Pasuruan (Kabarpas.com) – Pasca ramainya pemberitaan mengenai orang hilang, yang tergabung dalam organisasi Gerakan Fajar Nusantara (Gafatar). Membuat kantor Gafatar yang berada di Desa/Kecamatan Beji, Kabupaten Pasuruan itu telah dijual ke warga sekitar.
Kamis (14/01/2016) siang, wartawan Kabarpas.com melakukan penelusuran ke sebuah rumah, yang pernah digunakan sebagai tempat kantor Gafatar tersebut. Pantauan di lokasi, rumah berwarna orange dengan pagar warna hitam itu, saat ini sudah ditempati oleh seorang warga sekitar bernama Khusnul Khotimah.

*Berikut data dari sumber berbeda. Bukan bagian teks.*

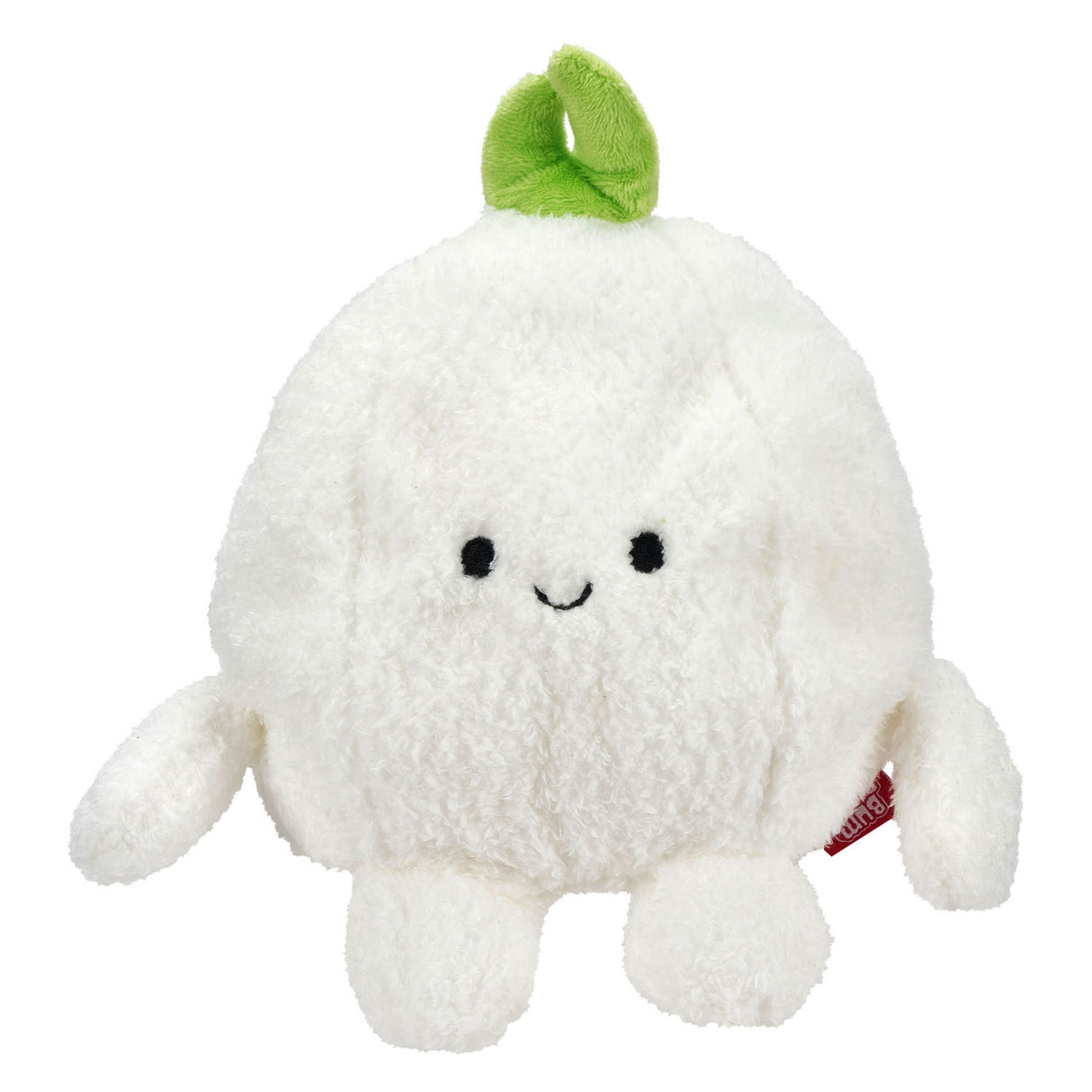 Peluche peluche Bumbumz - ail rootbumz, 19cm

“Rumah ini dulu pernah ditempati oleh pak Widji Widodo dengan istrinya bernama Bu Yasmin. Mereka sudah memiliki tiga orang anak. Dan dua bulan yang lalu rumah ini kemudian dijual. Sebab mereka pindah tempat tinggal ke Kalimantan,” ujar Khusnul kepada Kabarpas.com saat ditemui di rumahnya.
Dijelaskannya, kalau selama ini dirinya dan sejumlah warga yang lainnya tak mengira bahwa Widji dan Yasmin merupakan pengikut dari Gafatar. Sebab menurutnya, selama tinggal di desa setempat mereka di kenal baik dengan warga.
“Saya tidak tahu betul mengenai aktivitas apa saja yang mereka lakukan. Sebab mereka biasanya melakukan aktivitasnya di luar. Dan kalau toh kebetulan di rumahnya ada acara pengajian. Itu pun yang ikut hanya anggota mereka saja, sedangkan warga di sini jarang diundang,” pungkasnya.(ajo/tin).